In today’s environment, this is a risk that most agencies simply can’t afford. With a mix of employees and freelancers working together in different cities and time zones, process and project management become vital to ensuring proper billing, communication and project completion.Otherwise, details are dropped, deadlines are missed, clients leave and the bottom line takes a sharp dive into the red.
It doesn’t have to be this way.
10 Tips for a Competitive Advantage
Here are 10 ways to give your advertising agency a streamlined process and a competitive edge.
- Have a production process, and honor it. It’s important to create clear, easy-to-follow workflows for every kind of project. This ensures that steps aren’t missed and that the final product has been vetted at each essential stage.
- Create a culture that won’t honor workarounds for anyone—even the owner. Make sure that the production process applies to everyone, no matter what rank they carry. If clients insist on special treatment or believe they don’t need the expense of extra steps, they’re not giving you the opportunity to provide your best work.
- Encourage critical system implementation. Make it worth your employees’ time to use the right systems to accomplish their tasks. Efficiency and productivity boosts benefit both your employees and your bottom line.
- Hold regular, mandatory traffic meetings to stay updated on project statuses. Traffic meetings aren’t optional. They keep projects on time and on budget. Use them to your advantage.
- Create templates for frequently used processes and tasks. Make it as easy as possible for your team to ensure there’s uniformity in your information and methods.

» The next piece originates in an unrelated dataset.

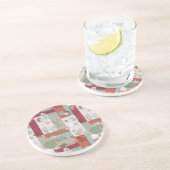 Dessous De Verre En Grès Motif 2 d'édredon de bébé (Côté)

- Leverage technology to make processes seamless and easy. There are many good software tools out there. Be sure togive your company and employees the tools they need to do the best job they can.
- Stop giving money away. Track time accurately, and issue change orders when your clients’ deliverables change. Don’t throw money after goals that have already been put to bed.
- Bring the client into your process planning. Your clients are an integral part of your process planning. Find out what frustrates them about working with you. Remember, the way that your agency operates isn’t just an internal issue. It impacts clients as well.
- Make training a priority. Most agencies don’t invest enough time or money to train staff and leadership teams. Without it, your agency will become stagnant. Fit training into your budget, and fund it well every year.
- Set goals for your operational weak spots. Communicate those goals to your entire team, and then track and report operational metrics based on those goals.
Many agencies are great at what they do, and they cringe at the thought of “boxing” work into a streamlined process. The catch is that without such a process, their work fails to hit on every cylinder, leaving clients and employees wanting something more.
The benefits are clear: Completing projects—on time and on budget—helps you create a more profitable agency with lower turnover and happier clients. All you need now are the tools to make it happen, and the dedication to build a seamless process to guide you forward.